W trakcie czwartkowych konferencji w Meksyku Lewis Hamilton i Max Verstappen wypowiedzieli się na temat kilku aspektów związanych z ich tegoroczną rywalizacją.

Sezon 2021 wchodzi właśnie w decydującą fazę, a jego dwie najbliższe rundy wydają się być niezwykle istotne przede wszystkim dla Red Bulla, który przynajmniej w teorii powinien być w ich trakcie mocniejszy, dzięki czemu może zbudować sobie pewną przewagę.

Chociaż w tym roku faworyt nie zawsze okazywał się szybszy, tak w tym przypadku spore znaczenie może mieć wysokość nad poziomem morza, która nigdy nie była wielkim sprzymierzeńcem Mercedesa.

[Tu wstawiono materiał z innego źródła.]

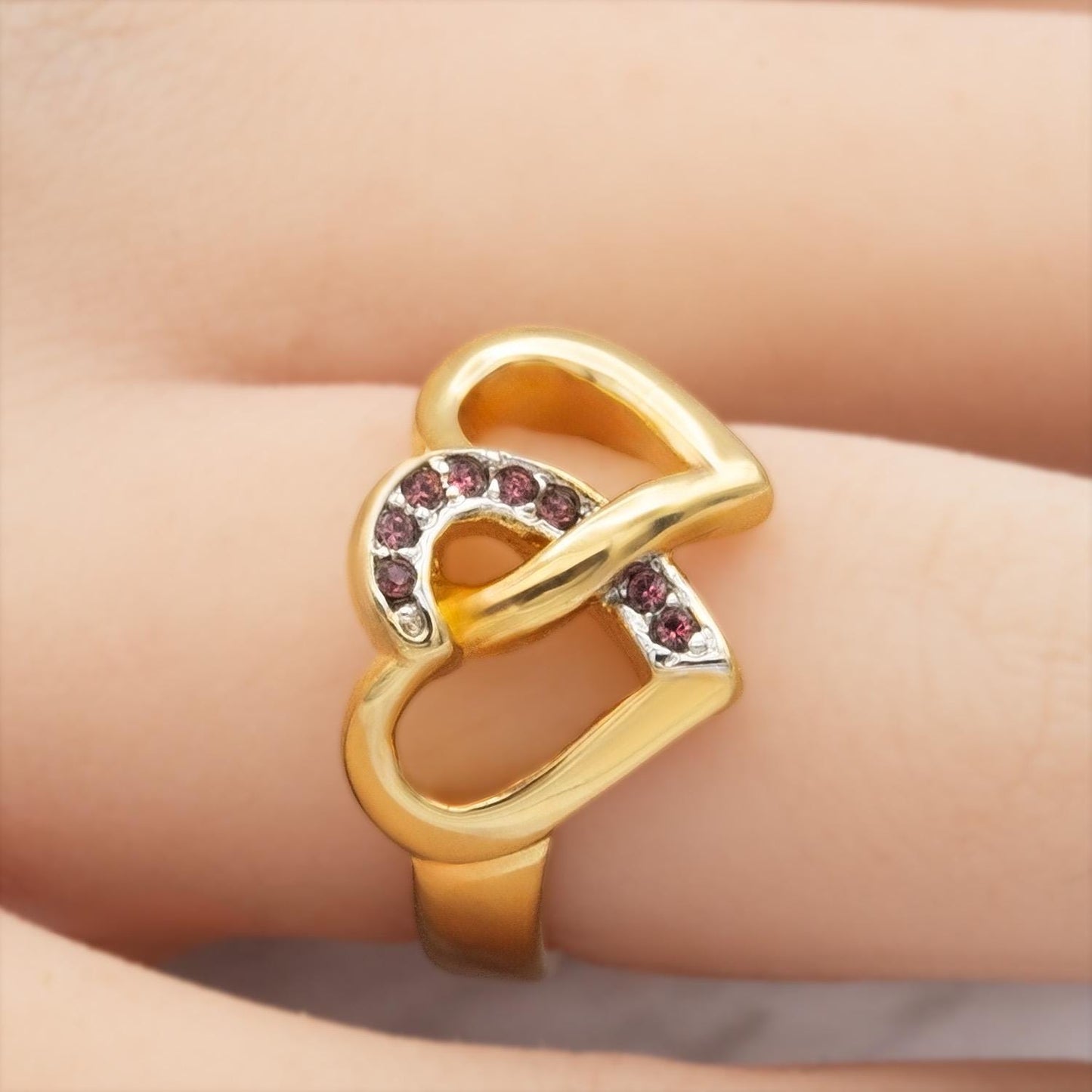 Women's Vintage Ring Amethyst Austrian Crystal Double Heart Ring 18k Gold Electroplated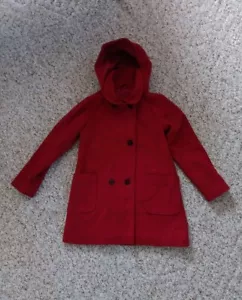 Richie House Girls Red Wool Coat Size 9 Double Breasted Hooded Jacket - Picture 1 of 12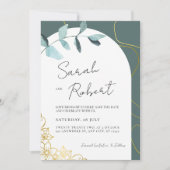 Save The Date Elégant Aquarelle Chic Eucalyptus & Or Accents (Devant)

W związku z tym panuje powszechne przekonanie, że mistrzów może czekać nieco trudniejsze zadanie.

- W zeszłym roku [2 lata temu] byli sporo szybsi od nas, więc trzeba nazwać ten tor torem Red Bulla. Mieliśmy tu sukcesy w poprzednich latach, ale ostatnim razem wygraliśmy tylko dlatego, że Max popełnił błąd i dostał karę. Gdyby nie to, byliby szybsi, więc oczekujemy czegoś podobnego w ten weekend - stwierdził Hamilton, który zapomniał o problemach Ferrari z 2019 roku, ale nie podarował sobie podkreślenia wpadki rywala.

- Nie mieliśmy poprawek od dawna, od Silverstone. Wiemy, że oni przywozili je także później, a do tego ogólnie mają trochę lepszy tył samochodu. Wygląda na to, że w cieplejszych miejscach idzie im nieco lepiej od nas. Na tym torze zawsze byli bardzo mocni, podobnie jak np. w Budapeszcie. To jednak nie oznacza, że my nie możemy być szybcy, ale będziemy musieli wycisnąć wszystko - dodał Lewis.

Verstappen, Hamilton, GP USA 2021 F1

- Mówiłem już wcześniej, że liczą się detale. Można wyglądać dobrze na papierze, ale i tak trzeba dobrać odpowiednie ustawienia i wszystko wokół tego. Może i wygląda to nieźle dla nas, ale i tak musimy być konkurencyjni już od 1. treningu, a także pójść w prawidłowym kierunku z samochodem - ocenił Max.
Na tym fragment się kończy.